Lecture by John S. Lee
Labor and the State in the Age of Wood: Making State Forestry Work in Early Modern Korea
- 6 April
- 15.30 hrs
- online via Zoom:
https://knaw-nl.zoom.us/j/97008383611?pwd=Ym44T0ZWbllHR1dRN0cwY0lBck9jZ…
Meeting ID: 970 0838 3611
Passcode: 184561
Abstract: For five centuries, Korea’s Chosŏn dynasty (1392-1910) maintained the longest continuous state forestry system in world history, largely around the protection of a single type of tree, the pine. How did this system work for so long within the confines of a pre-industrial agrarian polity? This presentation answers this question by focusing on how the Chosŏn government dealt with problems of labor recruitment and administrative oversight that became especially problematic in the mid-seventeenth century.

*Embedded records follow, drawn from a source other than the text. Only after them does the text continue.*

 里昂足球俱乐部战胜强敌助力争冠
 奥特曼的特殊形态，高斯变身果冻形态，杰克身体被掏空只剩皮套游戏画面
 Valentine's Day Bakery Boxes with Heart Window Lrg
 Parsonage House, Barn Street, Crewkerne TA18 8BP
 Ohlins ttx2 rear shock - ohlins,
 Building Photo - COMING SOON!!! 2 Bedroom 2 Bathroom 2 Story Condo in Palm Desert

In response, the Chosŏn government empowered naval garrisons in coastal zones to use soldiers as loggers, wardens, and impressers of corvée labor. Over the course of the eighteenth century, the state also cooperated with and accommodated local forms of forest management – ironically, local institutions that had originally arisen in response to government encroachment. Overall, I offer a particularly well-recorded case of pre-industrial state forestry that further highlights the sylvan foundations of the early modern world, an era when rising demand for timber and fuelwood across Eurasia synchronized with the expansion of government capacity to manage forest usage. Moreover, the presentation asks historians, environmental humanists, and social scientists to consider the diversity of conservationist states and their ability to exist - and prosper - devoid of modern environmentalist ethos and outside of European zones of knowledge production. Far more important to long-term conservation, perhaps, is a sustained bureaucratic and social commitment to a particular ecology.

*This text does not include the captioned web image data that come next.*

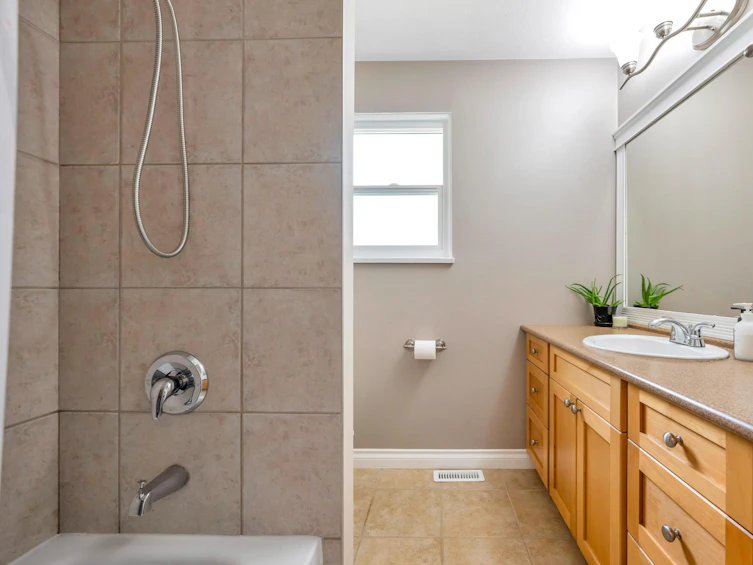 20030 42 Avenue, Langley, BC, V3A 3A5 - 15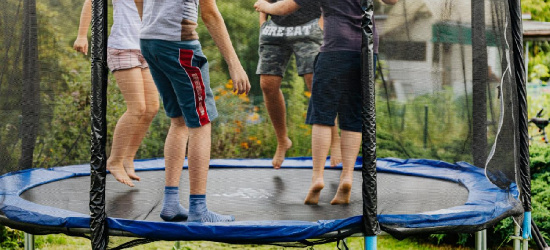 Trampolina ogrodowa – jak wybrać odpowiednią i dlaczego to świetny pomysł?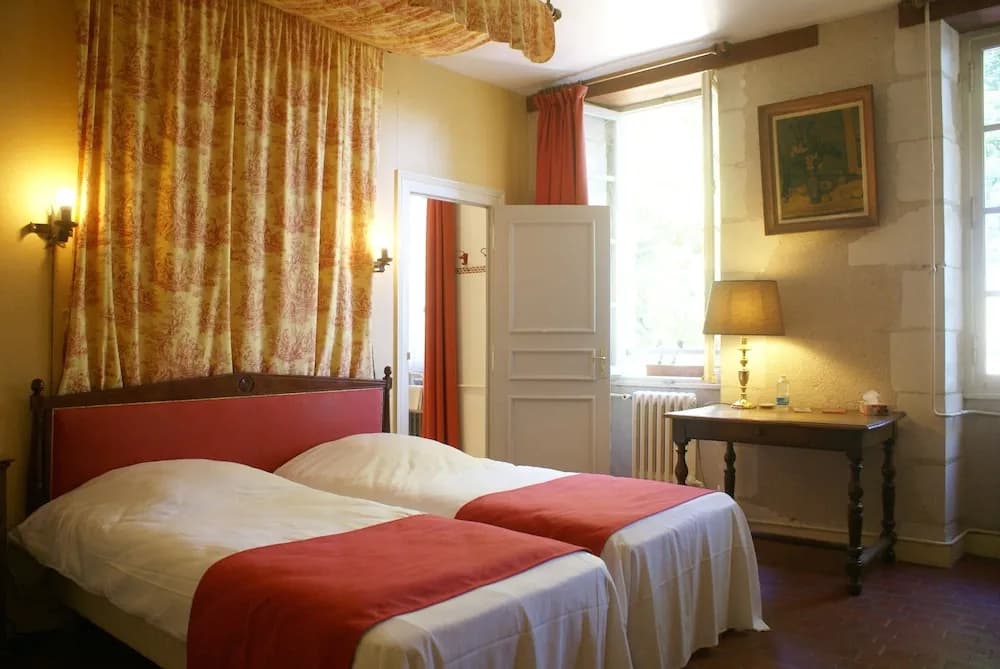 Hostellerie du Château de l'Isle - Miniature 7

Bio: John S. Lee is Assistant Professor in East Asian History in the Department of History at Durham University in the United Kingdom. Before he came to Durham, he was Presidential Fellow in Environmental History at the University of Manchester and a postdoctoral fellow in the Program in Agrarian Studies at Yale University. He received his Ph.D in History and East Asian Languages in 2017 from the Department of East Asian Languages and Civilizations at Harvard University. This presentation is part of his current book project, Kingdom of Pines: State Forestry and the Making of Korea, 918-1910.
IISH Seminar: This lecture is part of the monthly IISH Seminar series. This seminar is open to the public online only.